Have you ever imagined spending a semester or a full year digging into the liberating well of human knowledge and wrestling with some of the greatest questions that have puzzled humanity since the beginning of history, while enjoying the beautiful surroundings and rich cultural heritage of Cambridge?
The aim of our Study in Cambridge Tutorial Programme is to provide a gateway into the centuries-old science-religion debate, equipping you to formulate a critical and coherent approach to one of the most consequential discussions that has shaped the development of modern scientific and technological societies.
Science and Religion
Human beings have always been interested in big questions like: What’s the purpose of life? Where do we come from? What is the nature of reality?
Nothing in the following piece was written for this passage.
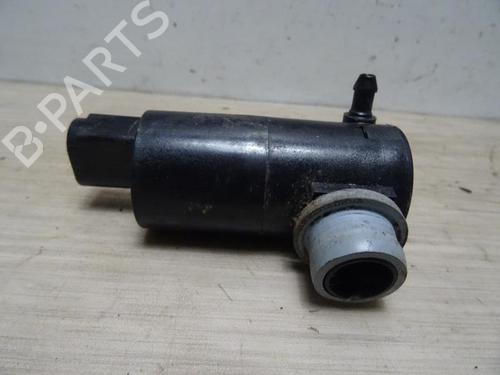 other-fiat-sedici-189_-16-16v-2006-2007-2008-2009-2010-2011-2012-2013-2014-13129568 main image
How do we know what is true? These big questions are big precisely because it is difficult for human beings to agree how to answer them.
In the past, in Western civilisations at least, people have developed two methods to approach these questions. Based on reason, philosophers have tried to come up with grand theories of reality and human nature to help us live better lives. Today, science takes on the legacy of the philosophers as the ‘reason-based’ approach to big questions. Stephen Hawking, for example, exemplified this approach.
On the other hand, based on faith, religions such as Christianity have offered sacred teachings from divinely inspired books to guide our thinking and actions in life. Religions don’t necessarily deny the usefulness of reason and scientific investigations; but religious people tend to emphasise the authority of religious teachings from books like the Bible over our incomplete and limited rational investigation.
These two approaches raise an important question for all of us. Are science and religion in conflict with each other? Can science refute religious claims and vice versa? Or are science and religion two non-overlapping sources of truth? Do they talk to each other, joining hands to help progress human knowledge? Or are they two different routes of getting to one and the same truth about reality?
Our approach to these questions can explicitly or implicitly affect our personal life-style choices, how we compartmentalise our lives, and, at a larger scale, affect policy making, education, public discourse and politics.